Records drawn from a dataset:
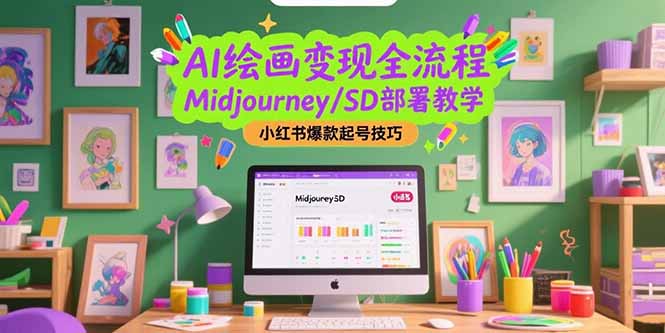 （15324期）AI绘画变现全流程，Midjourney/SD部署教学，小红书爆款起号技巧-众创项目基地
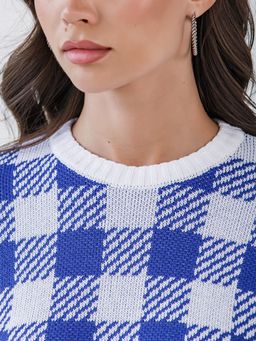 Джемпер вязаный в клетку - Stilla фото 11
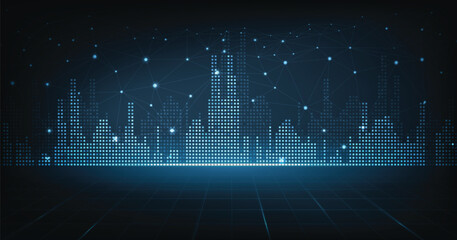  Cityscape with lines that connect with 5G technology. smart city internet network communication technology on a blue background. background, business IOT,  internet of things concept.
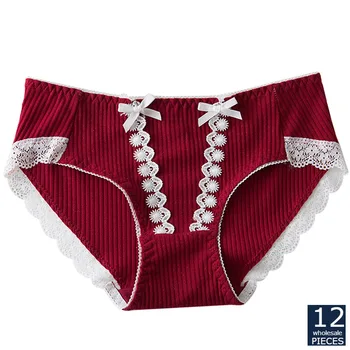 

12 pcs/lot wholesale manufacturers women underwear breathable briefs cotton solid color cute bow TWY 1947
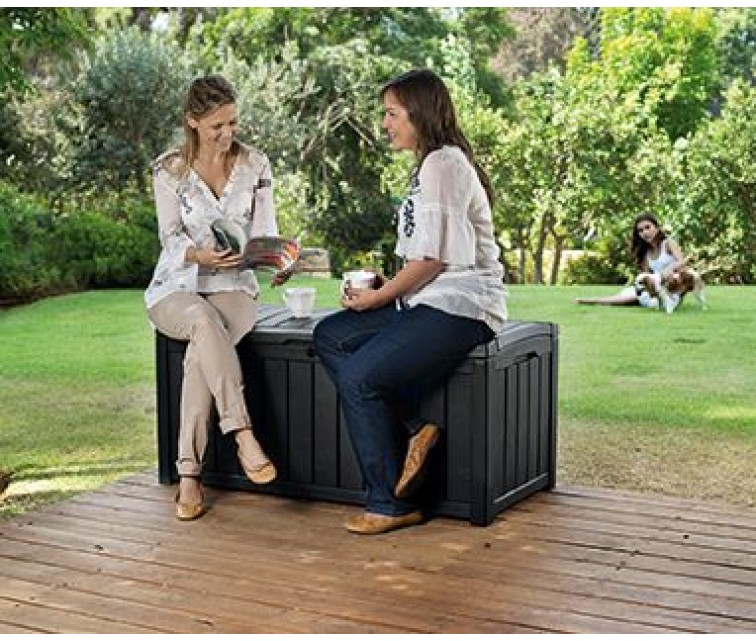 Dārza uzglabāšanas kaste / sols Glenwood Storage Box 390 L - pelēka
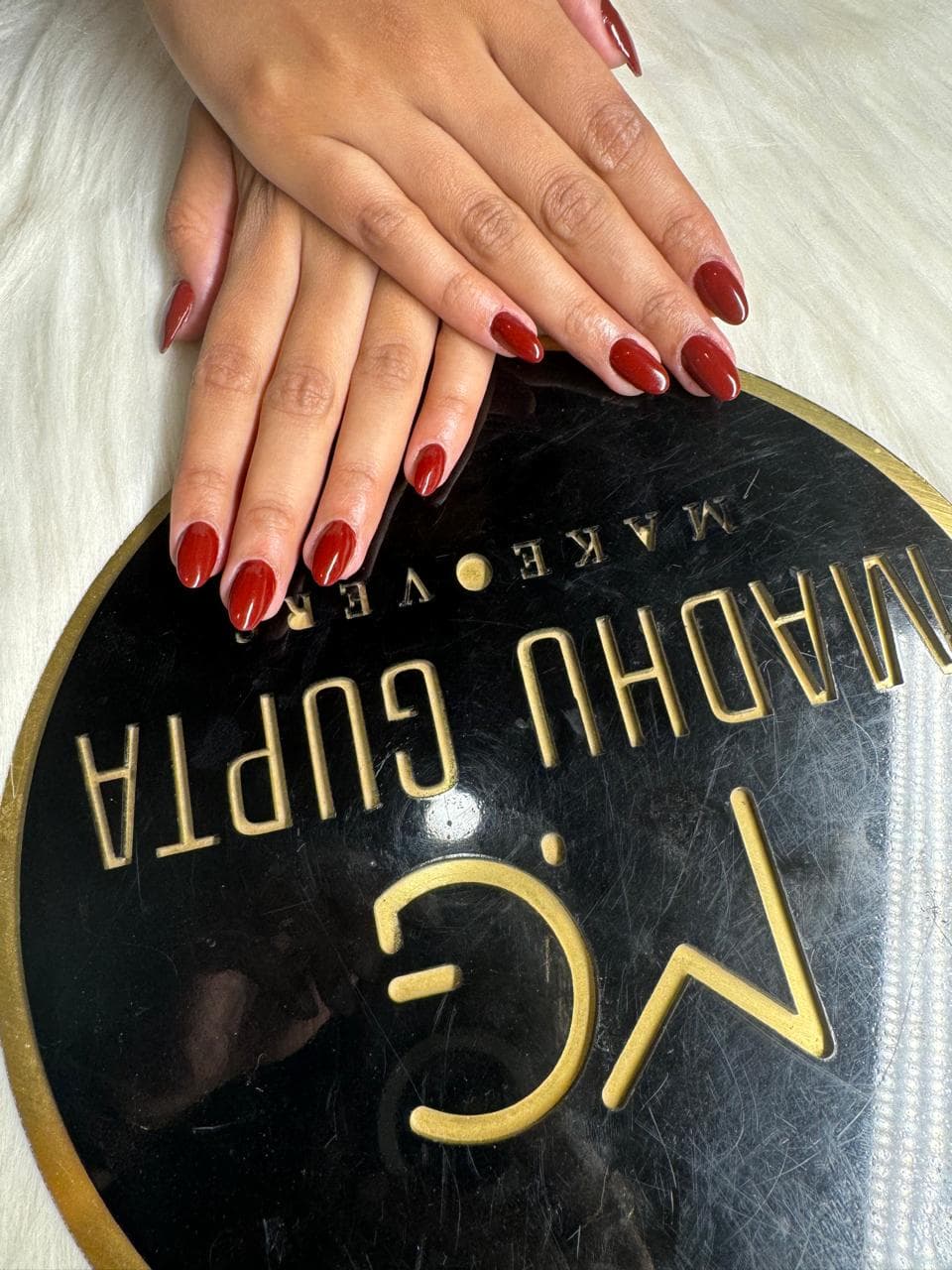 Deep Red Almond Nails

ASSIGNED TASK: The entries above should be given again exactly, minus any pictures.

RESULT:
 （15324期）AI绘画变现全流程，Midjourney/SD部署教学，小红书爆款起号技巧-众创项目基地
 Джемпер вязаный в клетку - Stilla фото 11
  Cityscape with lines that connect with 5G technology. smart city internet network communication technology on a blue background. background, business IOT,  internet of things concept.

12 pcs/lot wholesale manufacturers women underwear breathable briefs cotton solid color cute bow TWY 1947
 Dārza uzglabāšanas kaste / sols Glenwood Storage Box 390 L - pelēka
 Deep Red Almond Nails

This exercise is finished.